Interactive media and graphic design (IMGD) students at Minnesota School of Business-St. Cloud began to plan ahead for the winter holiday season this summer when the St. Cloud Downtown Council (DTC) asked them to design logos for their annual winter Nights and Lights Parade and Santa 5K Fun Run.
When assigned the task to reach out to a nonprofit for design work, interactive media/graphic design student Enid Archer contacted the DTC and discovered it had a long wish list revolving around the winter parade festivities, including posters, letterhead, rack cards and brochures.
IMGD Program Chair Brandon Bombeck says that watching the students work through the process with the client has been a valuable experience. “It is nice to see them designing projects for real nonprofit organizations. They are getting more real life experience on what it could be like working in a real design studio.”
He added, “This has also been a great way for them to learn how to communicate with both a design team and their client in order to produce a product by a certain deadline.”
The fact that the finished product was meant for an organization affiliated with the city and that it would be seen by 10,000+ people added a layer of pressure to the project.
IMGD student Tabatha Nentl was well aware of that weight. “I do believe we felt like we had more of a stake in the project because it was being done for a local community organization, and that it would be seen throughout the St. Cloud area. Although they [DTC] knew they were working with college students, they expected high quality work [and] that was good for us,” she explained.

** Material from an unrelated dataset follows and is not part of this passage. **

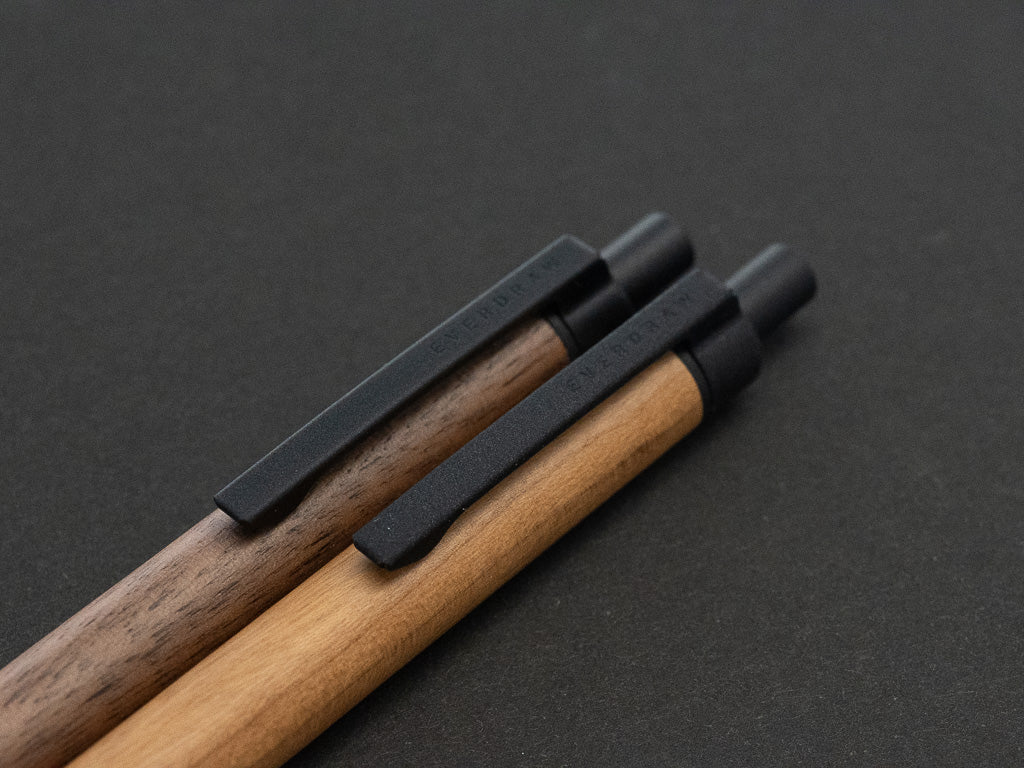 EVERDRAW Wood Model ボールペン Mブラック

Archer agreed. “Of course, doing logos for the city was intimidating, but [it] also came with extra reward because our logos are going to be seen all over the city in their advertising!”
Bombeck feels that the professional expectation was the best part. “[The students’] design is going to be used for a lot of different things in a lot of different ways all over St. Cloud,” he said. “And that should give them a great sense of pride and accomplishment.”
Working with a real client has its challenges, Nentl noted. “We quickly found out that it was not possible with the limited time that we had to be able to complete all of the projects.”
In the end, design changes had to be completed after the class project was done, and Archer stepped up to finish the finalized design to the client’s liking.
“Overall, the finished designs for the parade and fun run were well done and met the client’s needs and approval,” Nentl reflected. “We, as a group, liked our original designs better, but understood that they did not meet with [the client’s] need to bring children into the design more.”
Real world lessons, indeed.
Bring on the snow!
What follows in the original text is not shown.